Monika Bauerlein, CEO of Mother Jones, thinks President Donald Trump’s apparent madness has method in it. (Why Does the Press Keep Helping Trump?” by Monika Bauerlein, Mother Jones, Jan/Feb 2018 pg. 5.) She accuses him of spinning the truth each day, not to influence, but to confuse and blind journalists, making them unable to function as arbiters of “commonly understood facts.” (Ibid p 5.) When journalists lose that “common fact base, it’s easy to start unraveling the other threads that hold democracy together,” she complains. (Ibid pg. 5.)
Understandably, when representatives of the media wrap themselves in patriotism I take note. I, too, believe in a free press. But I don’t forget that its goal, just like Monsanto’s, is profit. If the media hangs upon Donald Trump’s every action and every tweet, it does so because the tempest he creates attracts eyeballs and, therefore, advertisers. After all, the media’s time honored mantra is, If the story bleeds, it leads. Why blame Donald Trump for employing their principle against them?
In sum, if Donald Trump uses the media, they use him, as well. That symbiotic combat sometimes appears to me as little more than a snake swallowing its tail.
While I honor the legion of journalists who have been maimed or lost their lives to bring the public a story, I question that the media is the sole guardian of truth. Other watchdogs exist, like the Pew Research Center, for example. Besides, the file on journalists who have invented facts or colored them to the point of obfuscation is thick. Some have lost their jobs because of the error in their ways. Some have been reassigned to different desks.
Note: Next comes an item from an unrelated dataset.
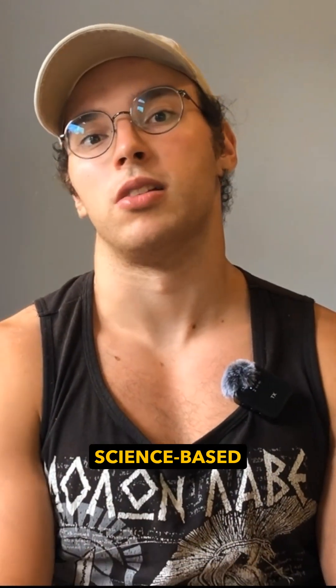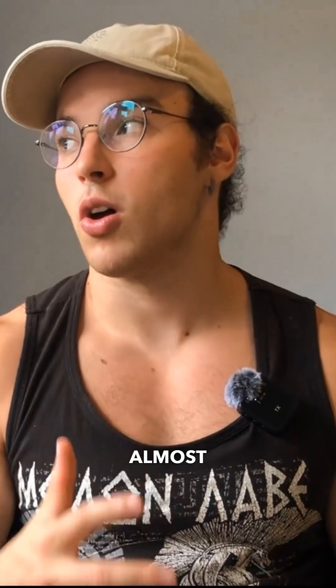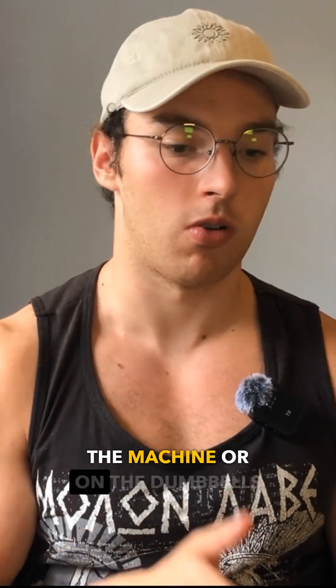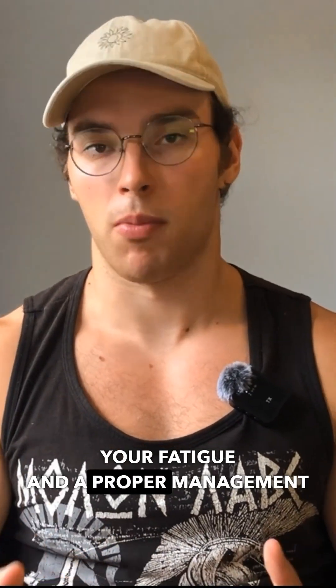One of the core principles of science-based lifting is progressive overload. Almost all the people working with it aren't understanding the concept properly, because it isn't just about slapping more weight on the machine, dumbbells, or barbells. It's more about understanding your fatigue and proper management of it.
Others work to hold their audience, not with falsehoods, but with theatrics and careful word choices.
Rachel Maddow, MSNBC commentator, falls into the last category. She is apt to reach Shakespearean decibels whenever she has little to report — choosing to entertain her followers with gestures and skeptical tones like any actor upon the stage. I am no follower, I admit. I prefer “more matter with less art.” (Hamlet, Act II, scene ii)
Still, as a student of language, I admire Maddow’s use of fudge words. These she liberally applies when she wishes to raise suspicion but lacks evidence. A favorite phrase is “seeming to suggest,” a degree more watery and fudgier than “suggests,” alone. The latter is a statement of fact. The former is an implication. No truth, as far as I know, lies in seeming.
Before I’d rush to crown the media with patriot laurels, I’d need to know where profit lies, for that, as I’ve already said, is the endgame. Without such knowledge, I am capable of being gulled. To truly earn the high ground, a reporter must convince me that neither an editor’s demands, audience ratings or personal ambitions are involved.
Alas, where money flows, impure motives sometimes follows. Which is why, like the Prince of Denmark, I share a jaundice view of human nature – journalists’ included: “Use every man after his dessert, and who will scape a whipping?” (Hamlet, Act II, scene ii.)